§ **WHAT IS EXPECTED**: Copy the data below in full, exactly as it appears.

Items listed in a dataset
::::

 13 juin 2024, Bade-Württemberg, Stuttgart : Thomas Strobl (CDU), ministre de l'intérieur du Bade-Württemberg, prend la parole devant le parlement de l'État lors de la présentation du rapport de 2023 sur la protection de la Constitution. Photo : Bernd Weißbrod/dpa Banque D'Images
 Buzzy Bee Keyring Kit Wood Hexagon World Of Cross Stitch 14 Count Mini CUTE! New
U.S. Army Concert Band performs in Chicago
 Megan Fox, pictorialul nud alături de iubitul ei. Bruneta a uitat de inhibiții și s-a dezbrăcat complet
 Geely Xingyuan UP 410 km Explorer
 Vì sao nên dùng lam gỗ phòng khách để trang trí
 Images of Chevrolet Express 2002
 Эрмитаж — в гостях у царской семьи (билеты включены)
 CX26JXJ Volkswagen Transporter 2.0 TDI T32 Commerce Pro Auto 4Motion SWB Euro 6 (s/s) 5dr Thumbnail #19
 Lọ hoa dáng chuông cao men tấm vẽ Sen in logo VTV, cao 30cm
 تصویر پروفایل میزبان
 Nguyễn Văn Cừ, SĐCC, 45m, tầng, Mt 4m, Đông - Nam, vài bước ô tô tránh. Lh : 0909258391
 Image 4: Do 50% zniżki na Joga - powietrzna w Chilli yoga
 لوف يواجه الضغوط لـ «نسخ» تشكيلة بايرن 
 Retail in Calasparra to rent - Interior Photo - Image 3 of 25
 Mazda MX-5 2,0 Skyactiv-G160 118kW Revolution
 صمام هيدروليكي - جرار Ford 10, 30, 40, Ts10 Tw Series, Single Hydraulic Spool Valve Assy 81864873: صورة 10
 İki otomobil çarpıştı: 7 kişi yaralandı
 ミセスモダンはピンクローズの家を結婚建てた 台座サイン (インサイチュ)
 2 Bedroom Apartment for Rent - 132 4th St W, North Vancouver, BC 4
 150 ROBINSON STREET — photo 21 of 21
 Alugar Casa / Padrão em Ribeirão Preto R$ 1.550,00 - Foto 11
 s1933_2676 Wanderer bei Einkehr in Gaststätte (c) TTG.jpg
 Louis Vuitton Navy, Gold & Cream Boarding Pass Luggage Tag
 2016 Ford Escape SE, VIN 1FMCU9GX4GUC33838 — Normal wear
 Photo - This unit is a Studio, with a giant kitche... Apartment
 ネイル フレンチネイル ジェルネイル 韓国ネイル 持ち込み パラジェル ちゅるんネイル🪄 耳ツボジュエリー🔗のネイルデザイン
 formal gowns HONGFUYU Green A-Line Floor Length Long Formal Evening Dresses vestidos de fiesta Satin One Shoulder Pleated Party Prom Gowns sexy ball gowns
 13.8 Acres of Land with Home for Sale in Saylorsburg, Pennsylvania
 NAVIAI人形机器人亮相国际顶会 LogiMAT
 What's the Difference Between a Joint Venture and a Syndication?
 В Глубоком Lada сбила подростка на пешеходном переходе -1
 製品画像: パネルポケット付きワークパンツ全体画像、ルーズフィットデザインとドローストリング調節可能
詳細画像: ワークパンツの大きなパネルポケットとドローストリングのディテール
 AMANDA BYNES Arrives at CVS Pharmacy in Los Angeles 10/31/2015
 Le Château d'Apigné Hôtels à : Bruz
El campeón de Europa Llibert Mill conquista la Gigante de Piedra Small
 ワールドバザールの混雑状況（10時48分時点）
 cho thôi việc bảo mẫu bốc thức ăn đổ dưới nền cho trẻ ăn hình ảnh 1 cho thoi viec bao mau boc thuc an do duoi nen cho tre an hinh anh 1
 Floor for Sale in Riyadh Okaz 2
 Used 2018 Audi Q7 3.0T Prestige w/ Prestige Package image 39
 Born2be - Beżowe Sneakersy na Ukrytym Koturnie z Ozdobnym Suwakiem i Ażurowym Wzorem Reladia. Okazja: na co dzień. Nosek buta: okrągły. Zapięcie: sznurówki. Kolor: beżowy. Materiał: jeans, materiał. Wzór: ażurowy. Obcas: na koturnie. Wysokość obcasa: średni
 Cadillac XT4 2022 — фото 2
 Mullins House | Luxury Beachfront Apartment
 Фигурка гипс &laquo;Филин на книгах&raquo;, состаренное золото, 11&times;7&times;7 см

::::

§ **ANSWER BOX**:
 13 juin 2024, Bade-Württemberg, Stuttgart : Thomas Strobl (CDU), ministre de l'intérieur du Bade-Württemberg, prend la parole devant le parlement de l'État lors de la présentation du rapport de 2023 sur la protection de la Constitution. Photo : Bernd Weißbrod/dpa Banque D'Images
 Buzzy Bee Keyring Kit Wood Hexagon World Of Cross Stitch 14 Count Mini CUTE! New
U.S. Army Concert Band performs in Chicago
 Megan Fox, pictorialul nud alături de iubitul ei. Bruneta a uitat de inhibiții și s-a dezbrăcat complet
 Geely Xingyuan UP 410 km Explorer
 Vì sao nên dùng lam gỗ phòng khách để trang trí
 Images of Chevrolet Express 2002
 Эрмитаж — в гостях у царской семьи (билеты включены)
 CX26JXJ Volkswagen Transporter 2.0 TDI T32 Commerce Pro Auto 4Motion SWB Euro 6 (s/s) 5dr Thumbnail #19
 Lọ hoa dáng chuông cao men tấm vẽ Sen in logo VTV, cao 30cm
 تصویر پروفایل میزبان
 Nguyễn Văn Cừ, SĐCC, 45m, tầng, Mt 4m, Đông - Nam, vài bước ô tô tránh. Lh : 0909258391
 Image 4: Do 50% zniżki na Joga - powietrzna w Chilli yoga
 لوف يواجه الضغوط لـ «نسخ» تشكيلة بايرن 
 Retail in Calasparra to rent - Interior Photo - Image 3 of 25
 Mazda MX-5 2,0 Skyactiv-G160 118kW Revolution
 صمام هيدروليكي - جرار Ford 10, 30, 40, Ts10 Tw Series, Single Hydraulic Spool Valve Assy 81864873: صورة 10
 İki otomobil çarpıştı: 7 kişi yaralandı
 ミセスモダンはピンクローズの家を結婚建てた 台座サイン (インサイチュ)
 2 Bedroom Apartment for Rent - 132 4th St W, North Vancouver, BC 4
 150 ROBINSON STREET — photo 21 of 21
 Alugar Casa / Padrão em Ribeirão Preto R$ 1.550,00 - Foto 11
 s1933_2676 Wanderer bei Einkehr in Gaststätte (c) TTG.jpg
 Louis Vuitton Navy, Gold & Cream Boarding Pass Luggage Tag
 2016 Ford Escape SE, VIN 1FMCU9GX4GUC33838 — Normal wear
 Photo - This unit is a Studio, with a giant kitche... Apartment
 ネイル フレンチネイル ジェルネイル 韓国ネイル 持ち込み パラジェル ちゅるんネイル🪄 耳ツボジュエリー🔗のネイルデザイン
 formal gowns HONGFUYU Green A-Line Floor Length Long Formal Evening Dresses vestidos de fiesta Satin One Shoulder Pleated Party Prom Gowns sexy ball gowns
 13.8 Acres of Land with Home for Sale in Saylorsburg, Pennsylvania
 NAVIAI人形机器人亮相国际顶会 LogiMAT
 What's the Difference Between a Joint Venture and a Syndication?
 В Глубоком Lada сбила подростка на пешеходном переходе -1
 製品画像: パネルポケット付きワークパンツ全体画像、ルーズフィットデザインとドローストリング調節可能
詳細画像: ワークパンツの大きなパネルポケットとドローストリングのディテール
 AMANDA BYNES Arrives at CVS Pharmacy in Los Angeles 10/31/2015
 Le Château d'Apigné Hôtels à : Bruz
El campeón de Europa Llibert Mill conquista la Gigante de Piedra Small
 ワールドバザールの混雑状況（10時48分時点）
 cho thôi việc bảo mẫu bốc thức ăn đổ dưới nền cho trẻ ăn hình ảnh 1 cho thoi viec bao mau boc thuc an do duoi nen cho tre an hinh anh 1
 Floor for Sale in Riyadh Okaz 2
 Used 2018 Audi Q7 3.0T Prestige w/ Prestige Package image 39
 Born2be - Beżowe Sneakersy na Ukrytym Koturnie z Ozdobnym Suwakiem i Ażurowym Wzorem Reladia. Okazja: na co dzień. Nosek buta: okrągły. Zapięcie: sznurówki. Kolor: beżowy. Materiał: jeans, materiał. Wzór: ażurowy. Obcas: na koturnie. Wysokość obcasa: średni
 Cadillac XT4 2022 — фото 2
 Mullins House | Luxury Beachfront Apartment
 Фигурка гипс &laquo;Филин на книгах&raquo;, состаренное золото, 11&times;7&times;7 см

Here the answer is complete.